House Republicans’ counteroffer breaks with Pawlenty on two key points
06/25/2005
Patricia Lopez,
Star Tribune
June 26, 2005
With the shutdown clock ticking, House Republicans appeared to break with Gov. Tim Pawlenty on two key fronts this morning in their budget counteroffer to Senate DFLers.
The GOP offer proposes only a 20-cent-per-pack cigarette fee, rather than the governor’s 75-cent increase. It also adopts an earlier Senate idea of a $330 million local-option income tax that would be levied by school districts at existing income tax rates.
The offer also resurrects an earlier Republican proposal for a racino that would put slots at Canterbury Park racetrack, raising $210 million.
The income tax increases in the House offer would be subject to voters’ referendums and would vary district to district, depending on how much each school district decided to raise.
Unlike the Senate’s proposed statewide income tax increase, the House version would apply only to those districts that opted for the tax. But once adopted, it would be levied on every taxpayer in that district, as opposed to the Senate proposal, which would impose a fourth tier on the state’s top 40,000 wage earners.
Early reaction
Senate Taxes Chairman Larry Pogemiller, who is co-chairing the special session’s tax working group, said the offer “has possibilities,” although he predicted that a racino was unlikely to pass either the House or Senate, because it would need Democratic votes in both bodies.
House Taxes Chairman Phil Krinkie, who has been famously opposed to tax increases of any kind as well as to any expansion of gambling, said today that members of his caucus were concerned about rising property taxes and that the local-option income tax was designed to ease such increases.
The money raised by the House income tax increase would replace the $218 million in education budgetary shifts and the $112 million in property tax increases that had been built into its previous budget offer.
Of his own level of support for the proposal, Krinkie would say only that “we have a patchwork of support in our caucus for this proposal.” Krinkie said his opposition to tax increases has not wavered. “I believe we have enough revenue to cover our needs,” he said.

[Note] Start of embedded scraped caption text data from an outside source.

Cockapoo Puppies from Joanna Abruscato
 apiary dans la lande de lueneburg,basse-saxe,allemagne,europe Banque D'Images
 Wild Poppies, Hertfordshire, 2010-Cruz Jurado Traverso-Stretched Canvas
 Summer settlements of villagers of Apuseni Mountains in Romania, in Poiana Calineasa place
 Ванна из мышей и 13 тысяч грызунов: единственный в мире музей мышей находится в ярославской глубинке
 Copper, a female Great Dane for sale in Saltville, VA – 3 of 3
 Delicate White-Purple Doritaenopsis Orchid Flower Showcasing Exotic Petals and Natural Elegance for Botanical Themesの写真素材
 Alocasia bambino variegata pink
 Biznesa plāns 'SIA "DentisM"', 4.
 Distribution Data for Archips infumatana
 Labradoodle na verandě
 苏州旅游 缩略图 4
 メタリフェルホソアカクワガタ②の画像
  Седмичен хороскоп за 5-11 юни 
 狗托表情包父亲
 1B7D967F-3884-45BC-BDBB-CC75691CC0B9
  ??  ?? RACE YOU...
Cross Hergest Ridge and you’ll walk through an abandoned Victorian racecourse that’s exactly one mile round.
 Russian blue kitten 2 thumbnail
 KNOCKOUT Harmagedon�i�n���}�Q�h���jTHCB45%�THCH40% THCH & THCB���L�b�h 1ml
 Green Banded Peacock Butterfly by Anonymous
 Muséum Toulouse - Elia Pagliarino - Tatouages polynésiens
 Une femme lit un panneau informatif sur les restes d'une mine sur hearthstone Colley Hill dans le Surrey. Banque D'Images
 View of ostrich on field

Pogemiller called the House decision to back away from property tax increases “smart,” and said “we don’t consider this a pie-in-the-sky proposal. We’re going to take a careful look at it.”
A gap, still
The House offer does not completely bridge what is thought to be an $800 million to $1 billion gap between the two bodies, but brings it a step closer to closure.
Officials from the Pawlenty administration were not immediately available for comment on the House offer.
Without a budget deal, the state faces a partial government shutdown starting Friday. Legislators have said they expect to work through the weekend to avert that possibility.